Tucker McGee was convicted of first degree murder for killing the 16-year-old. He shot her twice in the head. McGee’s life without parole sentence was later struck down and is now under review.

“He was 10 days shy of being 18, so he couldn’t get the death penalty, and now they’re trying to take life without parole off the table” said Jara Wilson. “He is a monster, and he needs to stay behind bars."

She and Rodney Wilson, JaRay’s father, are now fighting to get Senate bill 1221 passed the state legislature. It sets up a process for evaluating minors convicted of murder and would allow judges, instead of a jury, to give minors a sentence of life without parole.

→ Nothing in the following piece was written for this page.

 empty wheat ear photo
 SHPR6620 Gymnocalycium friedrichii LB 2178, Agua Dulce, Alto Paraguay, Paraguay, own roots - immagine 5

Some critics of the bill believe it would hurt criminal justice reform efforts in the state. Oklahoma is second in the nation in overall incarceration rates.

But the Wilsons believe a sentence of life without parole fits McGee’s crime.

“They’re saying a minor doesn’t deserve to stay in prison in a cage,” said Rodney Wilson. “My daughter’s in a box, and she don’t get to tell her side.”

If JaRay were alive today, she’d be 21 years old. Her parents wonder every day what she’d be like.

“We’ll never get that opportunity to know because Tucker McGee took that from us,” her mother said.

The House passed SB 1221 on Monday. JaRay’s parents plan to do everything they can to make sure it keeps moving forward.

“We’ll never quit,” Rodney Wilson said. “It’s what you do for your kids.”

It’s unclear when the Senate will take up the measure for a vote.